JTWROS does not avoid probate. It postpones it until the death of the surviving joint owner. For example, let’s say Mike and Traci own real estate and have a checking account at Acme Bank, titled in their names as JTWROS. If Mike dies first, the account goes to Traci. Unless she does some subsequent estate planning, upon her death the assets might have to go through the probate to be distributed according to Traci’s Last Will and Testament. So at Mike’s death, there is no probate, but there could be at Traci’s.

JTWROS can be an easy and beneficial way to pass assets at death. However, you can wind up with disastrous and unintended consequences. Adding a joint owner is relatively easy. However, change your mind and removing a joint owner may be difficult. For example, if mom adds her daughter as a joint owner on mom’s certificate of deposit and later changes her mind, mom cannot remove the daughters’ name without the daughters’ permission. Having the daughters’ name is on the account gives her total access to mom’s money. So if the daughter has judgment creditors, they may try to gain attach the account even though the daughter never contributed a dollar.

I had a situation with where the parents conveyed their house back to themselves and their five children as joint tenants. The parents wanted to take title in the house

back to them in order replace it with a transfer on death deed. There have been a falling out between the parents in one of the children who refused to convey back to his parents his interest in the house. We got it worked out but it was a mess.

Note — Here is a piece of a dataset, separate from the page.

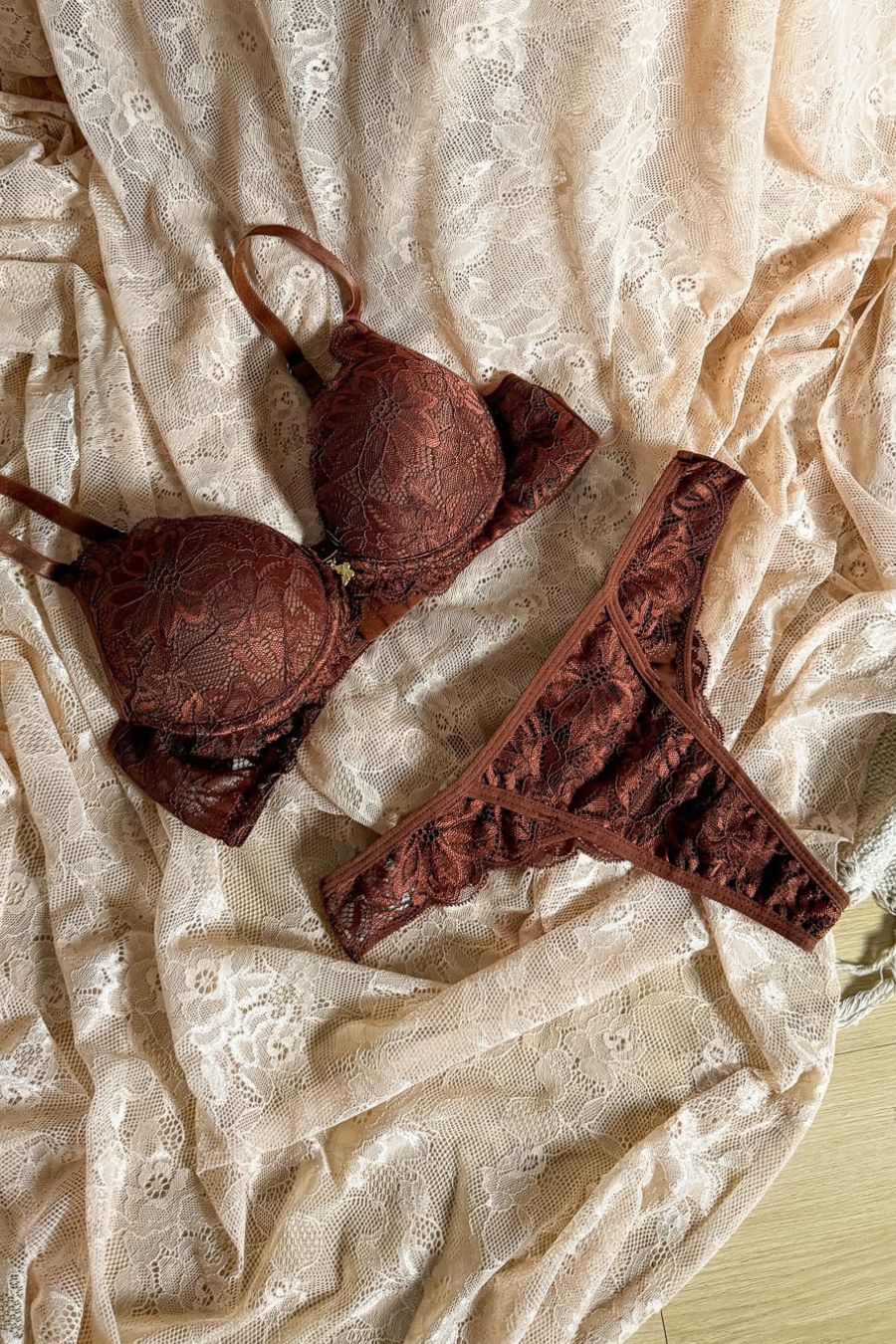 03686 - Conjunto com Base Inteira e Calcinha Fio em Renda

Another problem is when mom’s last will and testament states that it leaves everything equally to her three children but two of the children are joint owners on mom’s checking account. Only the two on the count become owners of the checking account at mom’s death and the third child gets nothing. The will only controls the distribution of assets that are in mom’s estate and does not control who gets jointly held property.

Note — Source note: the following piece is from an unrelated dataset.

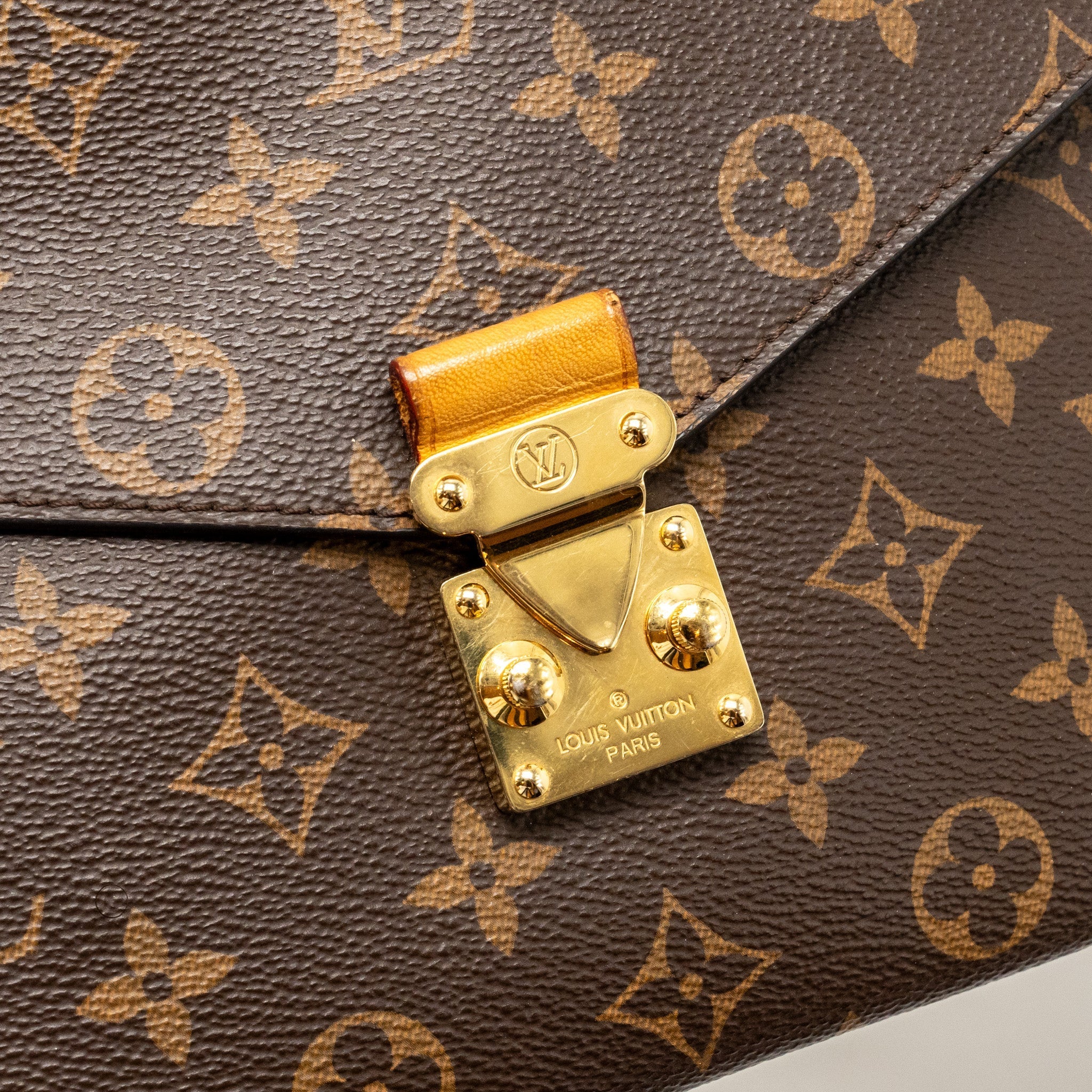 LOUIS VUITTON POCHETTE METIS MONOGRAM CANVAS GHW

Another problem is when people do not die in the order anticipated (the eldest doesn’t necessarily go first) and no other estate planning was done. Let’s say mom and daughter are joint owners on mom’s checking account. The daughter dies first, then the checking account will have to go through probate at mom’s death, which may not represent her wishes. Also, if a joint owner dies prematurely, that person’s children may not inherit anything. For example, mom and two daughters are joint owners of mom’s house and oldest daughter has three children and mom would have wanted the oldest daughter’s share to go to her children. However, since the house is JTWROS after mom death, the youngest daughter gets everything and the oldest daughter’s children get nothing.

Joint ownership can be a simple way to convey ownership and property upon death of one of the joint owners, but you better be careful to make sure it accomplishes your estate planning goals.